Federal student loan interest rates double

Interest rates doubled Monday on new federal student Stafford loans after Congress did nothing to halt the change and could not agree on any of several competing alternatives.

The rates climbed from 3.4 percent to 6.8 percent on all new subsidized Stafford loans, one of the most popular student financial aid programs. The new rate applies to any loans taken out from Monday onward.

"It's going to drastically affect me when Igraduate," said Anthony Gallino, who this fall will enter his fourth year at Sonoma State University. He expects it will take him five years to finish school and that he will need more loans along the way.

The hike comes as student loan debt hits $1 trillion nationwide, a public policy concern that some say threatens a crisis similar to the collapse in subprime mortgages.

Just more than 2,000 SSU students took out subsidized Stafford loans last year, with an average amount of $4,140.

A 6.8 percent rate means a student starting college this year would pay about $4,000 more in interest payments over a 10-year period, according to an analysis by the Institute for College Access and Success.

"We were surprised and disappointed, as well," said Jessica Thompson, senior policy analyst at the Oakland-based research and advocacy nonprofit.

"It makes no sense to allow interest rates to double now with college costs being what they are and prevailing rates on the open market being so low," Thompson said, raising an increasingly voiced criticism that commercial and personal borrowers can secure loans for lower rates than can students.

The Senate is scheduled to vote July 10 on a bill toextend the 3.4 percent rate for another year, as it did last year, but observers say nothing is likely to be resolved for some months.

The hot button issue of overhauling immigration laws will likely push aside that of loan rates. And fights over reducing the federal budget deficit will hamper efforts to maintain the lower loan rate because that would push up the deficit by lowering government revenue, said SSU political scientist David McCuan.

The debate is further complicated politically because there are so many competing proposals. The White House plan, for example, is similar in some ways to the House Republican one, making it difficult for Congressional Democrats to rally behind the president's proposal.

Also a factor in slowing progress is that the student lobby is not a well-organized force able to push the issue ahead, he said.

"I think it could get pushed out to the fall, to when students are coming back to college," McCuan said.

In the meantime, for borrowers, concern is mixed with uncertainty.

"For incoming students, they're just confused, they don't really understand what terms their loan will have," said Susan Gutierrez, SSU director of financial aid.

Whatever happens, she said, students, especially those with fewer financial resources, are up against it.

"It's hard when you're an incoming student and you need the funding to achieve your educational goals, it's hard to say 'no,' even though it will cost you more," Gutierrez said.

Student advocates are arguing for an extension rather than any of the competing plans, saying that they all are unsatisfactory.
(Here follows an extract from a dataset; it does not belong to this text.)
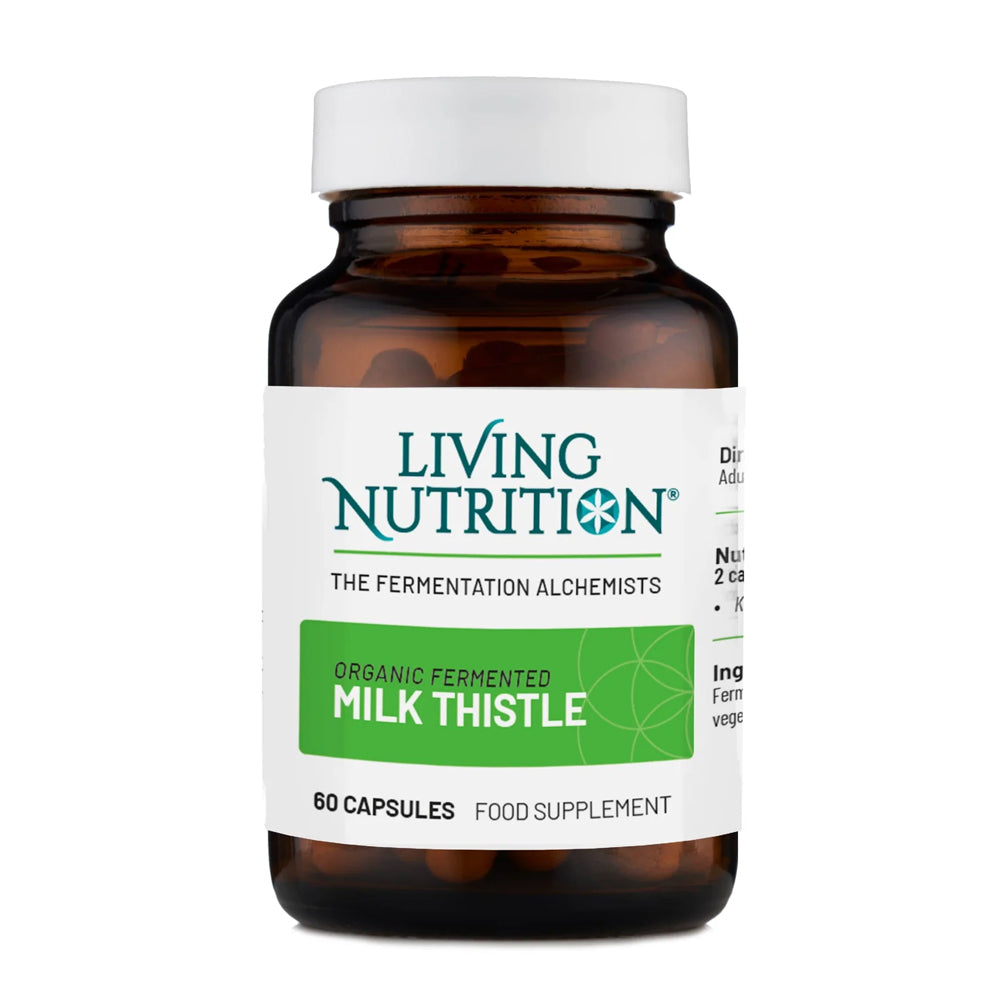 Living Nutrition Organic Fermented Milk Thistle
They object to some plans, including the White House one, that would not cap interest rates, and the House Republican plan, which would allow rate to increase even on existing loans.

"Ideally, it would be nice to keep it the same and then have a much lengthier, more substantive conversation about what our country's priorities are when it comes to higher education," said Meredith Vivian, director of government relations for the California State Student Association.

The federal Department of Education has said there is a window of time during which, if the rate were lowered to 3.4 percent and continued, the change could be applied retroactively to any loans taken out since July 1.

But it hasn't set how long that window is, said Thompson, of the Institute for College Access, which is rallying a swift lobbying effort before the July 10 Senate vote.